As I shared these experiences with my mentor and friend upon my return, he shared the words of Henry David Thoreau: "Could a greater miracle take place than for us to look through each other's eyes for an instant?" Thoreau also states, "It is a form of a miracle of sorts, the moment when we really get that felt sense of another person’s world." It is also not pleasant when we feel the world that many of our most vulnerable children must navigate in their lives. We sometimes want to flee, partition or feel sorry for these conditions and experiences that seem so very different from our own. But something had shifted inside me as I observed not only the loving hearts and strong minds of these undergraduate students, but also my own reactions and questions to these impoverished and troubling circumstances. I came to serve, but I was served! I was shown the landscape from which 20% of our nation's students enter and exit -- every day.
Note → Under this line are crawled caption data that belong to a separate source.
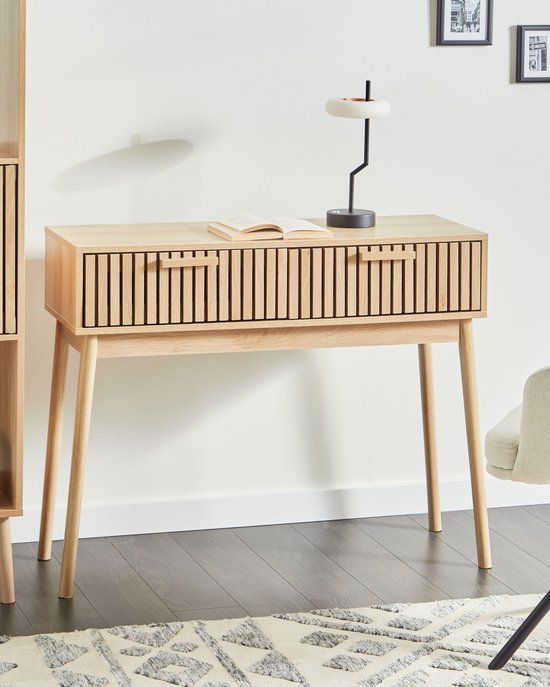 Lichthouten consoletafel met twee lades, decoratief boek en lamp in een kamer.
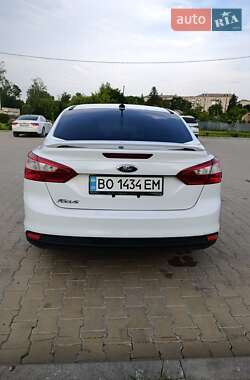 Седан Ford Focus 2013 в 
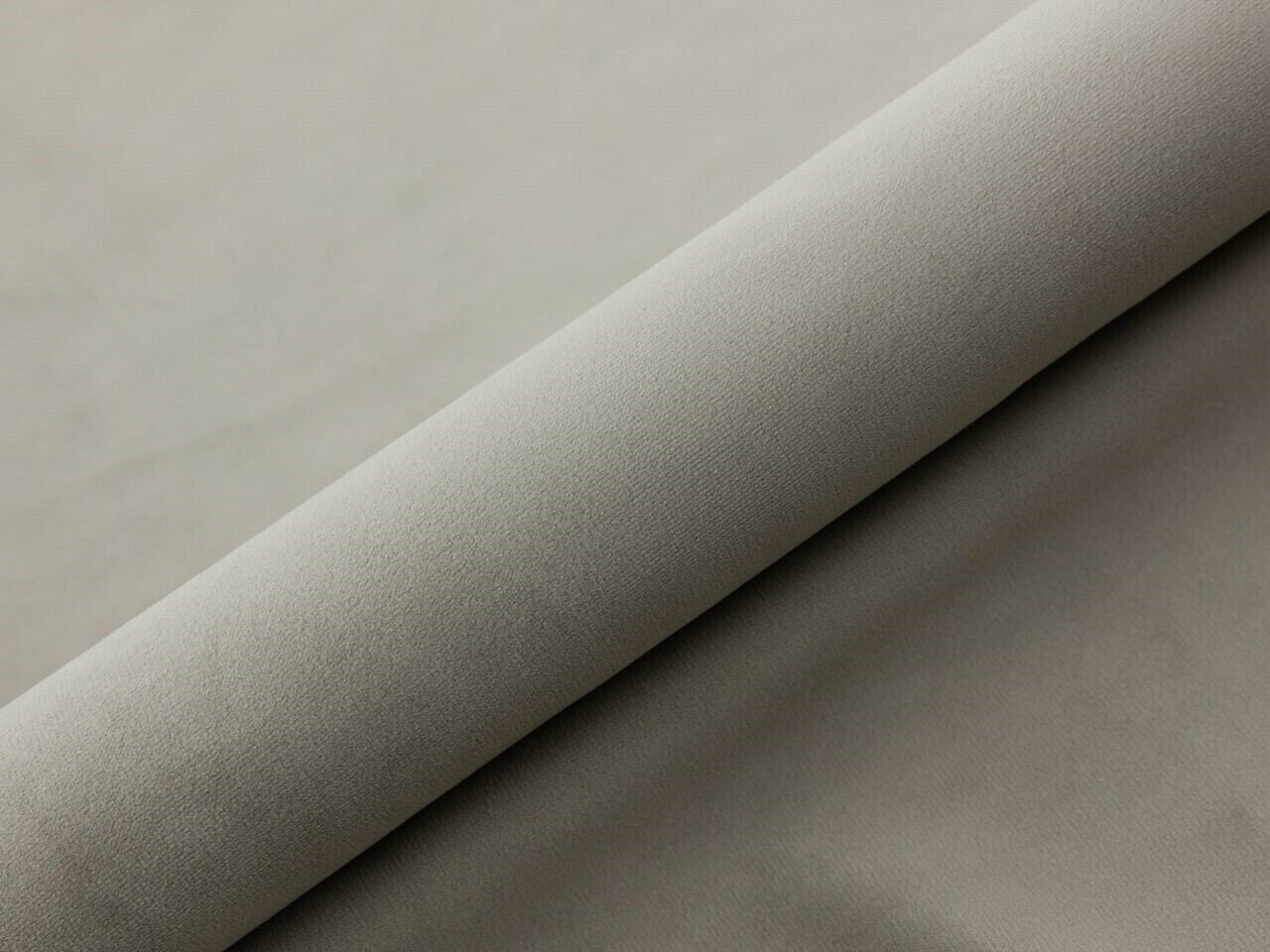 Boxspring postelja Martinez 114 (Magic Velvet 2210)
I felt the transformational magic of "making a connection." I didn't need to fully understand these children and families. I didn't need to fix anything. I didn't need to have the right answer or solution to a complex problem to which education reform movements and policy makers around the country are regurgitating solutions every second I turn on the news or open a newspaper or computer screen! What I discovered was that we all desire to "feel felt," to feel that we matter, to feel connected to another in a way that begins with a willingness to step inside another person's world -- another person who shares more humanness with us than we care to discuss or acknowledge.
As I stood before my graduate class, first and second year teachers in the inner city Indianapolis schools, and reflected on my own experience in West Humboldt, I suggested that the change in education reform begins with the questions that churn in their minds and hearts, the relationships they cultivate, and their awakened presence each and every day. It is only through a felt joining that academics, purpose and responsibility move to the forefront of one's thoughts and feelings to explore and discuss.
Where the Dialogue Begins
In the late afternoon of my final day in West Humboldt, Tashona, a young woman in the seventh grade, hugged me goodbye in the YMCA teen lounge as we exchanged cell numbers, promised to message on Facebook and stay in touch. After I hugged her and three other beautiful young women, tears stung my eyes as I walked back to the convent to meet the taxi that would drive me back into my own private world. But it was no longer the private world I'd left behind, because I was coming back to it as a changed person.
I wasn't returning with a list of strategies and "fixes" for the poverty-afflicted West Humboldt area of Chicago. I'd found a little magic that can transform classrooms, schools and communities. I call it a little magic, but it's actually something much bigger, broader and beyond definition. It eludes policies, government, charter, public and higher education institutions. It lodged in my throat as I waved goodbye to the Sisters at the convent, my undergraduates, and the neighborhood; finally moving to the center of my chest where I found the sting of our shared commonalities and the dark and light aspects of my own life mirroring those who I came to serve.
The irony in this adventure was that the people who I came to serve ended up serving me. And with all of the teacher training, conferences, dissertations, field experiences, research and countless meetings to perfect student growth and learning outcomes, it boils down to a connection where the dialogue begins, where dream seeds are planted, where intentions and hearts are set on fire! If we can feel the world of another, together we can take the steps that create change and endure all circumstances.
How do you feel the world of another? You step inside it as you observe the pain from the words spoken, the diminishing light in one's eyes, and you embrace as it as your own . . . for after all, it truly is!